| Try it |
Exclude all images and print the entries below exactly.

| Referring expression grounding data |
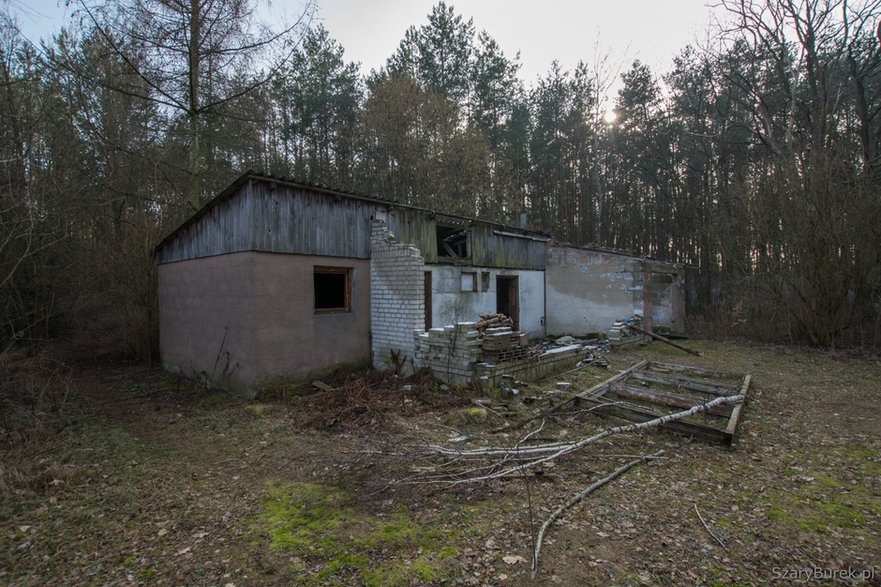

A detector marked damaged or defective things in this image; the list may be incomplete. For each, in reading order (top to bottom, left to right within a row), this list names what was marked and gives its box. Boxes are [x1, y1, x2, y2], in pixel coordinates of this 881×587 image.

broken window [434, 225, 468, 260]
broken window [312, 266, 348, 312]
rusted metal frame [608, 382, 732, 418]
rusted metal frame [628, 370, 740, 398]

| Your response |
A detector marked damaged or defective things in this image; the list may be incomplete. For each, in reading order (top to bottom, left to right within a row), this list names what was marked and gives its box. Boxes are [x1, y1, x2, y2], in pixel coordinates of this 881×587 image.

broken window [434, 225, 468, 260]
broken window [312, 266, 348, 312]
rusted metal frame [608, 382, 732, 418]
rusted metal frame [628, 370, 740, 398]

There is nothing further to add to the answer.